Work required: Could you reproduce the line where "A playful bear" occurs and all lines after it in the listing below, through the final one, without changing anything?

Available data:
○ ○ ○ ○
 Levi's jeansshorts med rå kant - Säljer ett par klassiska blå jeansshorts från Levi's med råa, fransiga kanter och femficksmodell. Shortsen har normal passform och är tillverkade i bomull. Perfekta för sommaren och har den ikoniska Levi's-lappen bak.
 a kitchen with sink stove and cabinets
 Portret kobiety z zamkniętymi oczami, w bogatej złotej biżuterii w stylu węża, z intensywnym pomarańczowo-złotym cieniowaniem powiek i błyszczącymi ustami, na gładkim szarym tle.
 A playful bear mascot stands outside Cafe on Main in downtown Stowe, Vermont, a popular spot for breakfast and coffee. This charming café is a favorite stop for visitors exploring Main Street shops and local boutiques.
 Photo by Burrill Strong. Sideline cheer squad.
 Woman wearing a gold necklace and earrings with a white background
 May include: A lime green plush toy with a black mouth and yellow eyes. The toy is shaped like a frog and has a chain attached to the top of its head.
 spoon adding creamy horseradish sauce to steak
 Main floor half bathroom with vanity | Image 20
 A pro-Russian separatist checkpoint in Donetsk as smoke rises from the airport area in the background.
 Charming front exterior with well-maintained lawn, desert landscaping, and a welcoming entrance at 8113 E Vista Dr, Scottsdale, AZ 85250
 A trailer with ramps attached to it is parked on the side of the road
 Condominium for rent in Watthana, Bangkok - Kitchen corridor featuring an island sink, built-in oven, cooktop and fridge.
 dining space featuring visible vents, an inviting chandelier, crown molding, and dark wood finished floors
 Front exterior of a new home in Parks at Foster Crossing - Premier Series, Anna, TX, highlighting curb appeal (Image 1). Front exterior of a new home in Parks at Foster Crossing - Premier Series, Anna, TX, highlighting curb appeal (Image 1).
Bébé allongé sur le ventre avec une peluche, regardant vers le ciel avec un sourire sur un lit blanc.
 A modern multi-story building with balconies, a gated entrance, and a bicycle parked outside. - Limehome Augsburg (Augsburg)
○ ○ ○ ○
Task answer:
 A playful bear mascot stands outside Cafe on Main in downtown Stowe, Vermont, a popular spot for breakfast and coffee. This charming café is a favorite stop for visitors exploring Main Street shops and local boutiques.
 Photo by Burrill Strong. Sideline cheer squad.
 Woman wearing a gold necklace and earrings with a white background
 May include: A lime green plush toy with a black mouth and yellow eyes. The toy is shaped like a frog and has a chain attached to the top of its head.
 spoon adding creamy horseradish sauce to steak
 Main floor half bathroom with vanity | Image 20
 A pro-Russian separatist checkpoint in Donetsk as smoke rises from the airport area in the background.
 Charming front exterior with well-maintained lawn, desert landscaping, and a welcoming entrance at 8113 E Vista Dr, Scottsdale, AZ 85250
 A trailer with ramps attached to it is parked on the side of the road
 Condominium for rent in Watthana, Bangkok - Kitchen corridor featuring an island sink, built-in oven, cooktop and fridge.
 dining space featuring visible vents, an inviting chandelier, crown molding, and dark wood finished floors
 Front exterior of a new home in Parks at Foster Crossing - Premier Series, Anna, TX, highlighting curb appeal (Image 1). Front exterior of a new home in Parks at Foster Crossing - Premier Series, Anna, TX, highlighting curb appeal (Image 1).
Bébé allongé sur le ventre avec une peluche, regardant vers le ciel avec un sourire sur un lit blanc.
 A modern multi-story building with balconies, a gated entrance, and a bicycle parked outside. - Limehome Augsburg (Augsburg)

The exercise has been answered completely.